Input records:
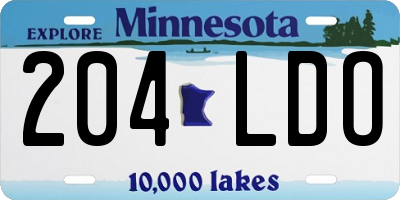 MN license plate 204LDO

...

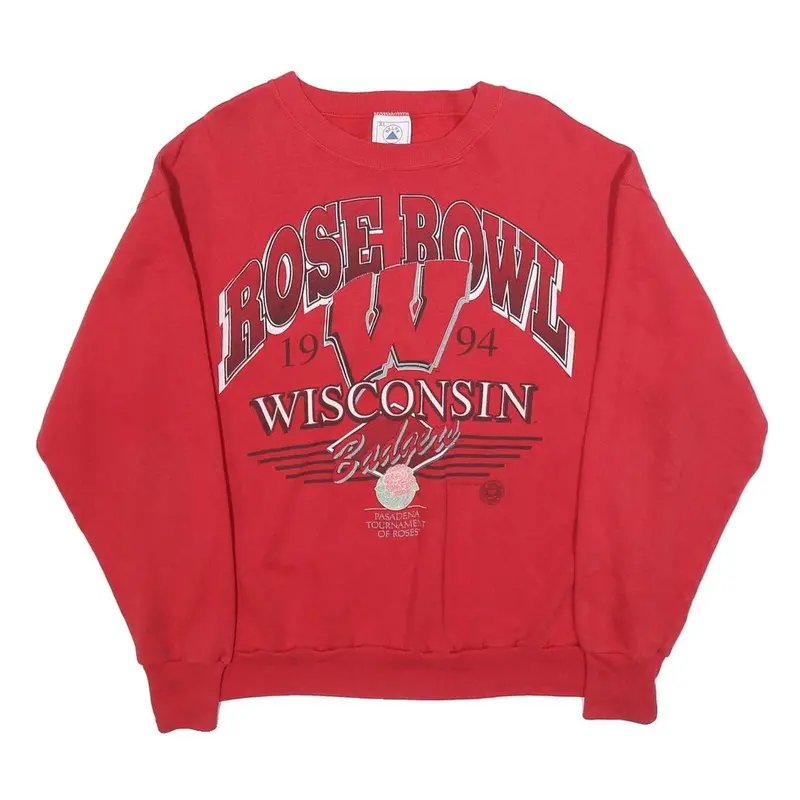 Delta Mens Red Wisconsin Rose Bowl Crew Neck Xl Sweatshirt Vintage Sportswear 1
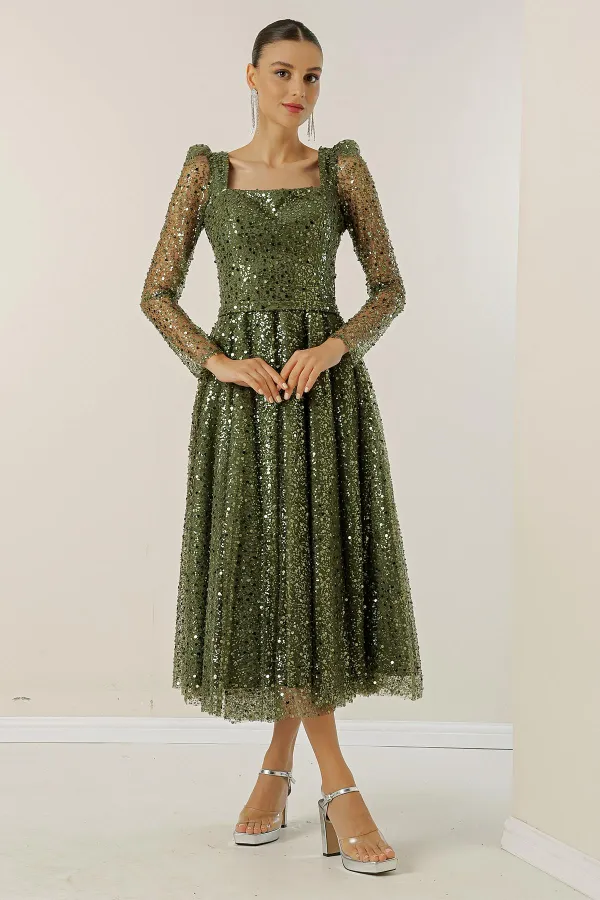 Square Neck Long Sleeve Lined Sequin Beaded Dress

Description of the task:
Start with the line with "Delta Mens Red" in the listing above and stop after the line with "Square Neck Long". Write out exactly the lines in that stretch and no others, without pictures.

Task result:
 Delta Mens Red Wisconsin Rose Bowl Crew Neck Xl Sweatshirt Vintage Sportswear 1
 Square Neck Long Sleeve Lined Sequin Beaded Dress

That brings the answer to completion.